[antlr-interest] Re: Anyone tried this ANTLR-inspired CC?

Tiller, Michael (M.M.) mtiller at ford.com
Tue Nov 11 07:36:56 PST 2003


> From: Terence Parr [mailto:parrt at cs.usfca.edu]
> Sent: Monday, November 10, 2003 4:15 PM
> To: antlr-interest at yahoogroups.com
> Subject: Re: [antlr-interest] Re: Anyone tried this ANTLR-inspired CC?
> 
> 
> 
> On Sunday, November 9, 2003, at 05:37 PM, leung13512c wrote:
> 
> > The thing that caused me to switch away from ANTLR syntax
> > is because I prefer the tree building syntax of JJTree that always
> > create imaginary nodes instead of a mix of both.  And it mostly
> > avoid having to create nodes within actions.
> 
> Howdy.  This is the old AST versus parse tree argument...Parse trees 
> are easy to generate (i.e., no cost to developer) but have 
> way too much 
> noise for tree transformation and also are sensitive to grammar 
> construction whereas ASTs are the canonical repr for a particular 
> language.
> 
> Ter

I'm not sure this is an argument for parse trees or against ASTs.  Let me explain...

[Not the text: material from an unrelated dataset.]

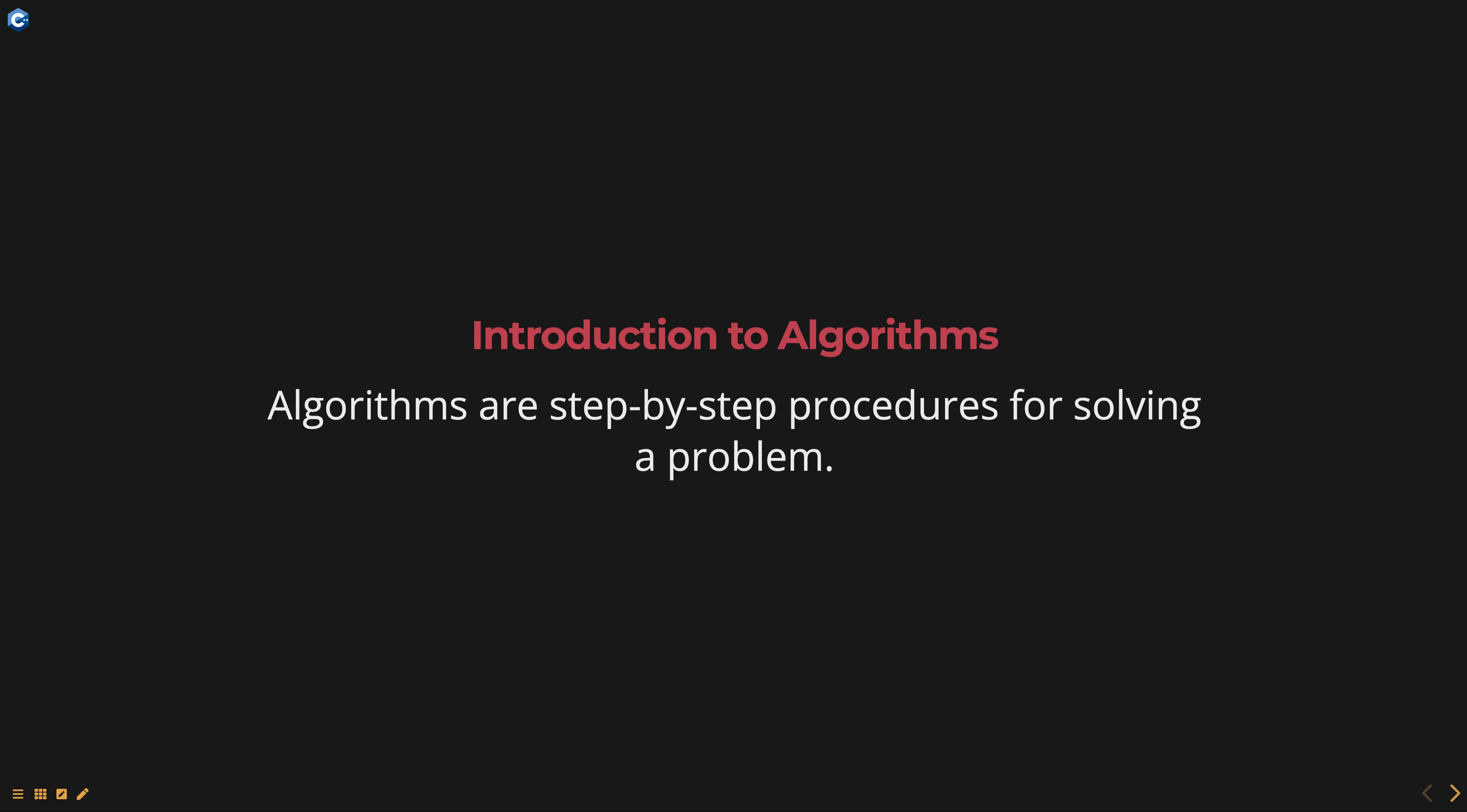Algorithms are step-by-step procedures for solving a problem. They provide a systematic way of approaching a problem, breaking it down into smaller, more manageable steps, and solving it in a logical and efficient manner.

Personally, there are two extremes I would like to avoid.  One is using terminals as roots in ASTs.  I don't really care for this approach because I find it rather strange (just my personal preference).  The other case I wouldn't like is having every production rule in my grammar generate a node in my AST.  As far as I'm concerned, these are both sub-optimal.

In practice, ANTLR tends to fall into the former category and I guess JJTree probably falls into the latter.  Now ANLTR is obviously capable of avoiding this use of terminals for roots by creating imaginary nodes.  It seems to me that the issue here is how tedious it can be to do this (and the fact that it really becomes a problem with the current C++ framework).  I think it would be nice if ANTLR was capable of automatically handling this case of synthetic or imaginary nodes and I suspect that is what is at issue here.